**What the exercise asks**
Copy out exactly the stretch of the listing below that begins at the line containing "coocazoo Turnbeutel „Blue" and ends at the line containing "Camiseta Cool Raccoon", and copy nothing outside it.

**Information provided**
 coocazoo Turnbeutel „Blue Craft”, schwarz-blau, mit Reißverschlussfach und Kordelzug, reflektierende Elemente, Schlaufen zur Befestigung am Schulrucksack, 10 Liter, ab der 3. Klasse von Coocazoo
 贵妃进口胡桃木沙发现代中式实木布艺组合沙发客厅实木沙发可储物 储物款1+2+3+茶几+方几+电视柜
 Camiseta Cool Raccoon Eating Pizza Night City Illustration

--

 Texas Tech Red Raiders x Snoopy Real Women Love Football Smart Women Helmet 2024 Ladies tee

==

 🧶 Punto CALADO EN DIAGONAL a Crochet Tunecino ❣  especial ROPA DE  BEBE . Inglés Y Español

**Task response**
 coocazoo Turnbeutel „Blue Craft”, schwarz-blau, mit Reißverschlussfach und Kordelzug, reflektierende Elemente, Schlaufen zur Befestigung am Schulrucksack, 10 Liter, ab der 3. Klasse von Coocazoo
 贵妃进口胡桃木沙发现代中式实木布艺组合沙发客厅实木沙发可储物 储物款1+2+3+茶几+方几+电视柜
 Camiseta Cool Raccoon Eating Pizza Night City Illustration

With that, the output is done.